How are control flow graphs built in cases where the jump destination is based on a dynamic environm-CodePudding

In studying reverse engineering, it's frequently occurred to me that since I can pass any location (that I have permission to access) as the argument, a jump instruction with some non-hardcoded or "non deterministic" target (as in it's not defined previously by the program clearly) could aim anywhere. So if I load EAX with a value based on say, the string of the OS version and execute Jcc EAX then it seems like any tool attempting to generate a control flow graph would have no idea where the target would be (it could base it on your current environment, but that might lead to some broken pathway through the program).

Am I missing something?

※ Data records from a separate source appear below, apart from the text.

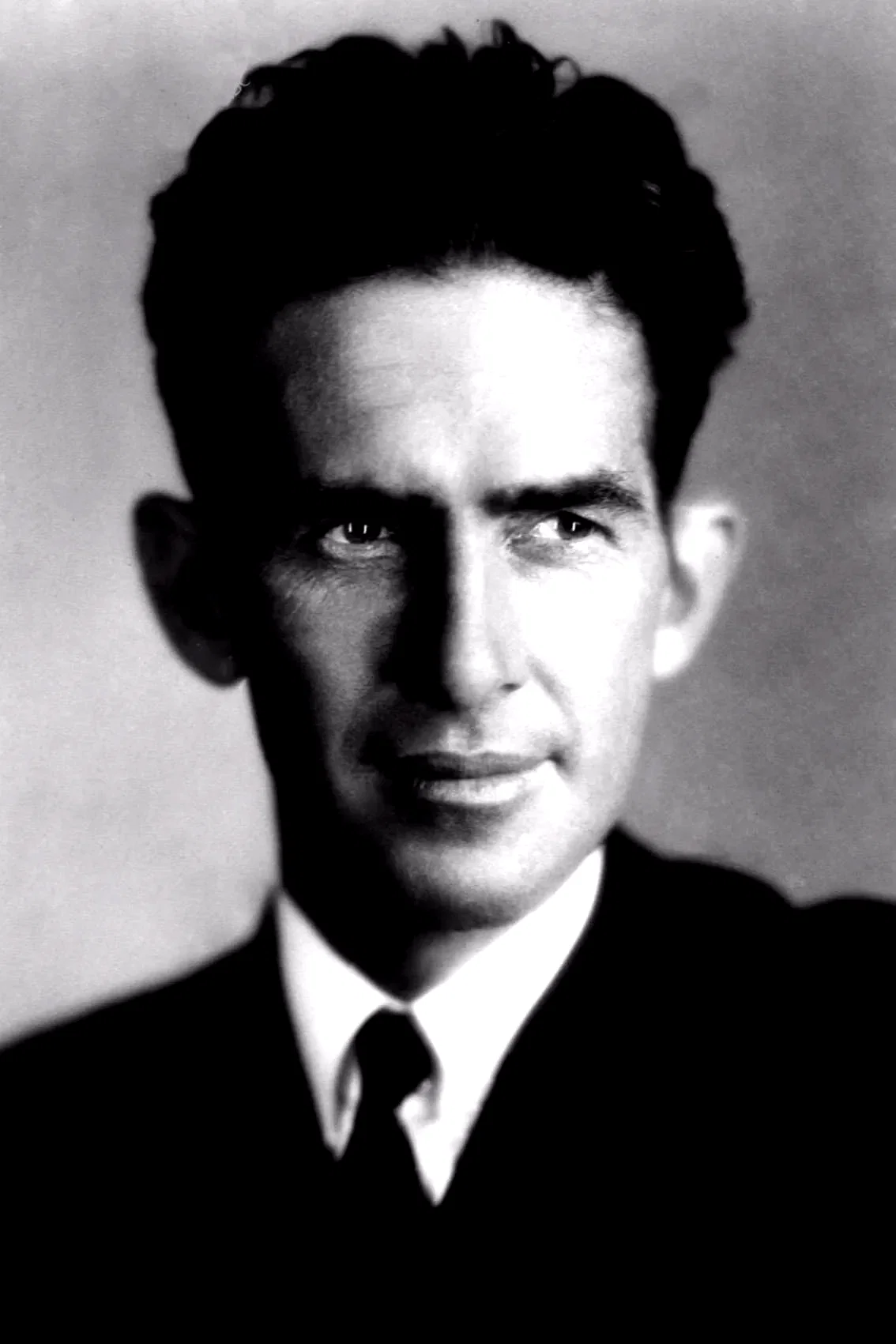 Ernest B. Schoedsack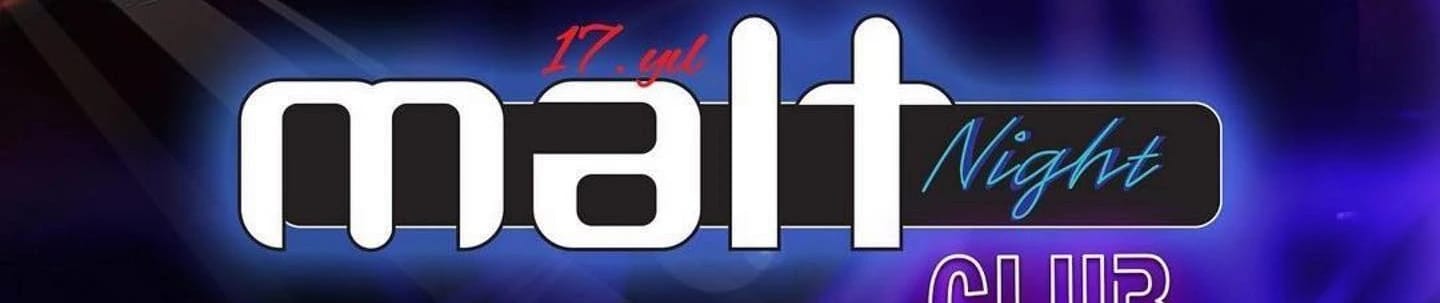 Malt Night Bursa görseli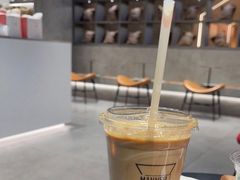 -Manner Coffee(淮海755店)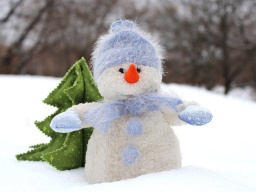 Погода на 30 октября: в Украине участятся морозы и снежные осадки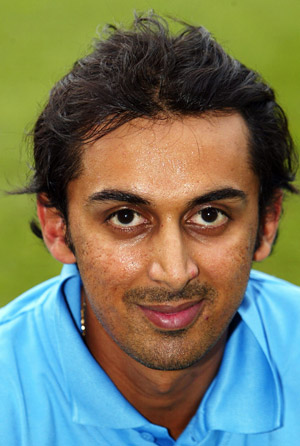Gavaskar surname wasn't a deterrent, says Rohan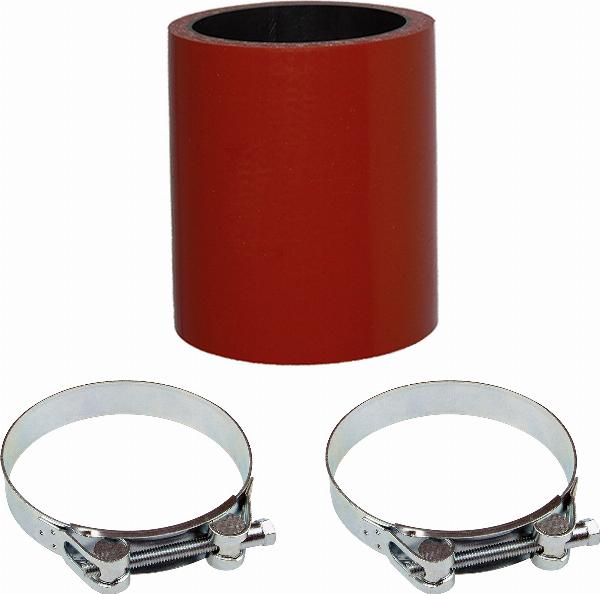 GATES 09-0991 - Трубка нагнітається повітря autocars.com.ua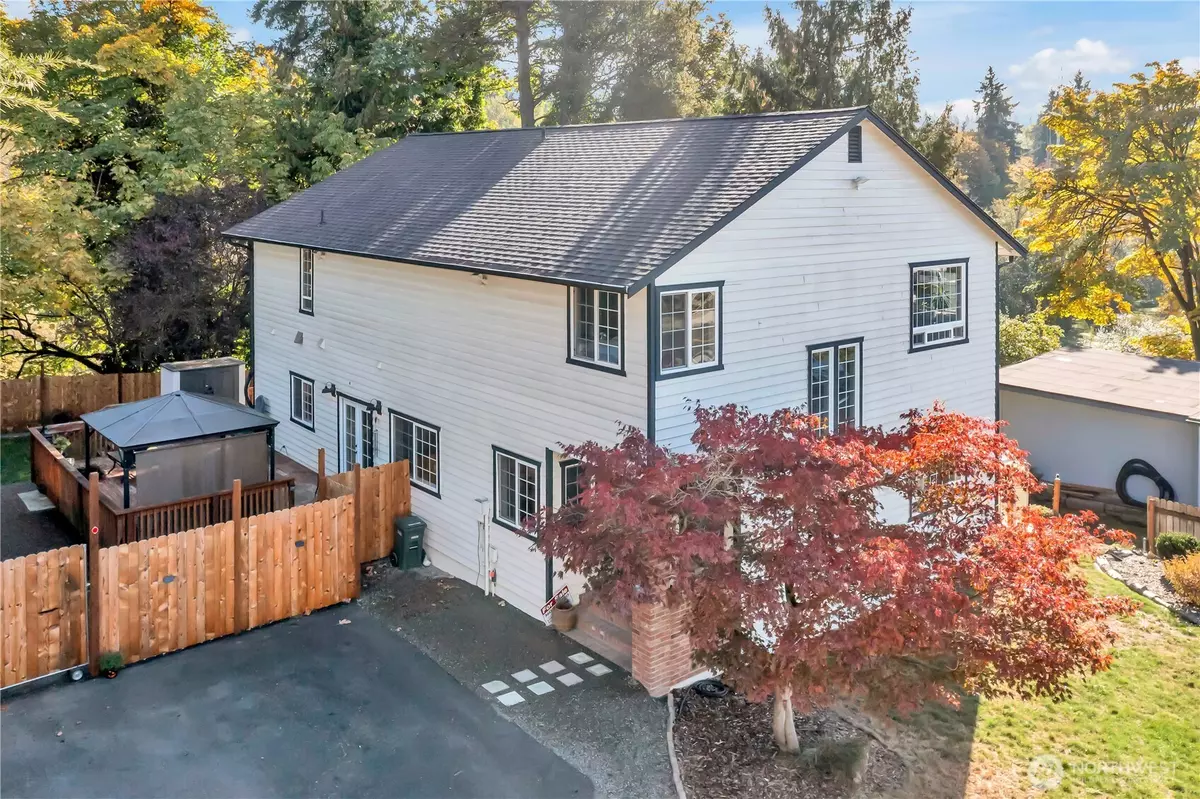Milton, WA 98354,204 5th AVE
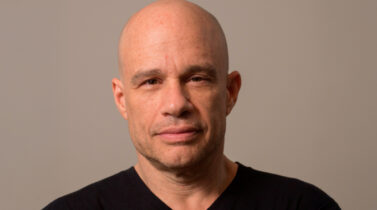 מסע אל קצה המחשבה - מרצה: אירי ריקין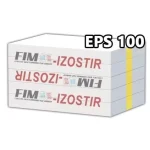 Biztonságos fizetés FIM - Izostir terhelhető EPS 100 keményhab lemez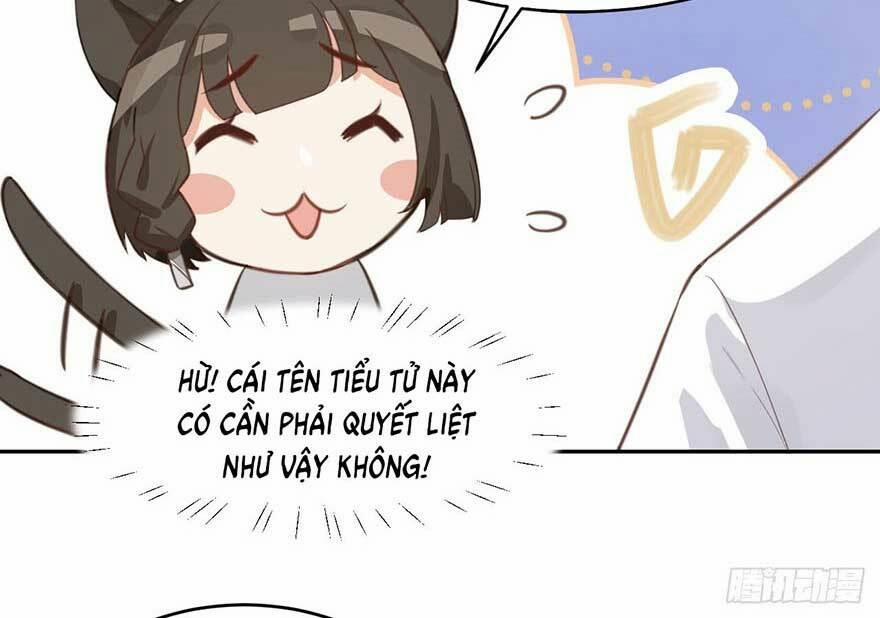 manhwax10.com - Truyện Manhwa Chàng Vú Em Tu Chân Chương 8 Trang 19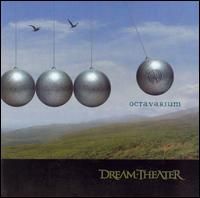 Dream Theater "Octavarium"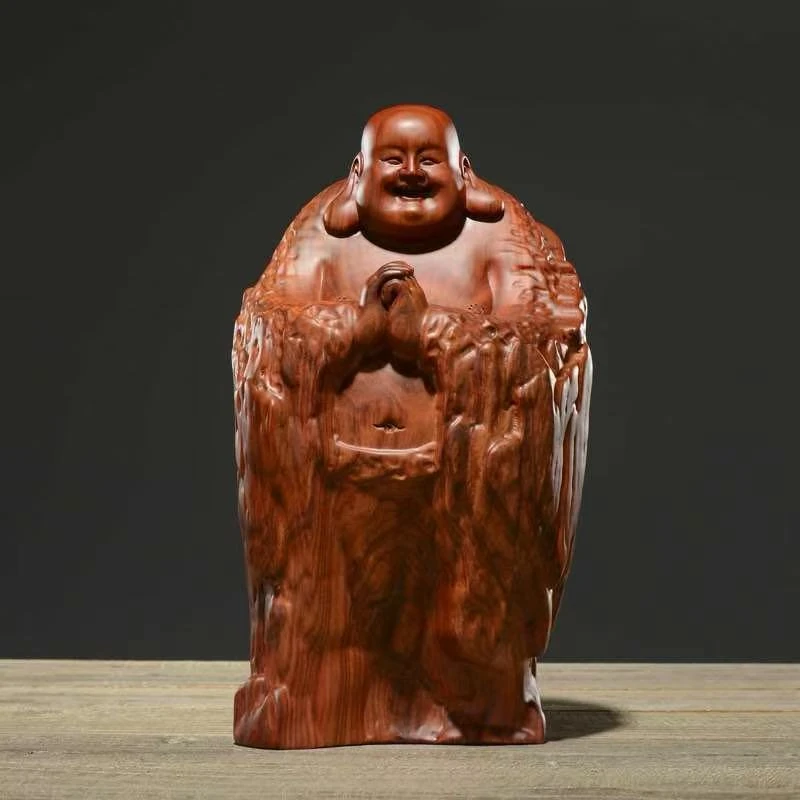 紫砂手工工艺品杂物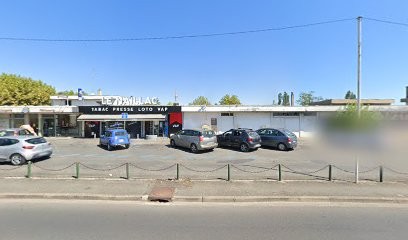 Tabac Le Naillac, Bureau de Tabac à Bergerac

Because if I understood this correctly it seems like every malware I ever opened in IDA would do this (based on some condition they know about their target environment) but I don't see broken control flow graphs like this. Then again, I'm pretty new to reverse engineering.

CodePudding user response：

You are correct in your observation. There are two main ways to graph control flow for indirect jumps.

First, static analysis can be used. For example, if the jump target is found to be selected from a jump table of limited length, the decompiler can list the entries of the jump table as possible targets. Another common case is that the jump target is taken from a variable set elsewhere in the program, but always to the same value. The decompiler can too analyse the possible values of the variable and deduce possible jump targets.

Another option is to build the control flow graph not from potential behaviour of the program, but from actual behaviour observed from a simulated or actual run of the code. While this is likely to miss some possible control flow, it usually gives you a pretty decent picture of where jumps (including indirect jumps) usually go and allows for an explanation of the program's behaviour.

CodePudding user response：

Indeed, as you already guessed, an instruction of the form JMP EAX could possibly jump anywhere and would therefore break the CFG of the program you are trying to reverse engineer (that is, you would not have exiting arcs to known pieces of code from the current basic block).

However, compilers rarely emit absolute indirect jumps. When they do they usually are for jump tables which are generated for swtitch statements. If we are talking about indirect calls, then we also have function pointers, and you see instructions of the form CALL EAX (very common in C i.e. vtables). For switch statements for example, in order to correctly handle all possible values of its input variable or expression (e.g. an int in EAX), there usually is a little bit of code that makes sure the value is in a given range, and then an absolute indirect jump through a register.

The kind idioms used and the compiler implementations (i.e. what machine code is generated) for this kind of situations are usually well known, so disassemblers and decompilers can detect them and figure out the input constraints plus the location of the jump table, and therefore the correct destinations (which is what IDA/HexRays does). Sometimes however this is not possible or simply too difficult for your disassembler/decompiler to figure out (e.g. the compiler used different unknown semantics, or the programmer purposely tried make reverse engineering harder).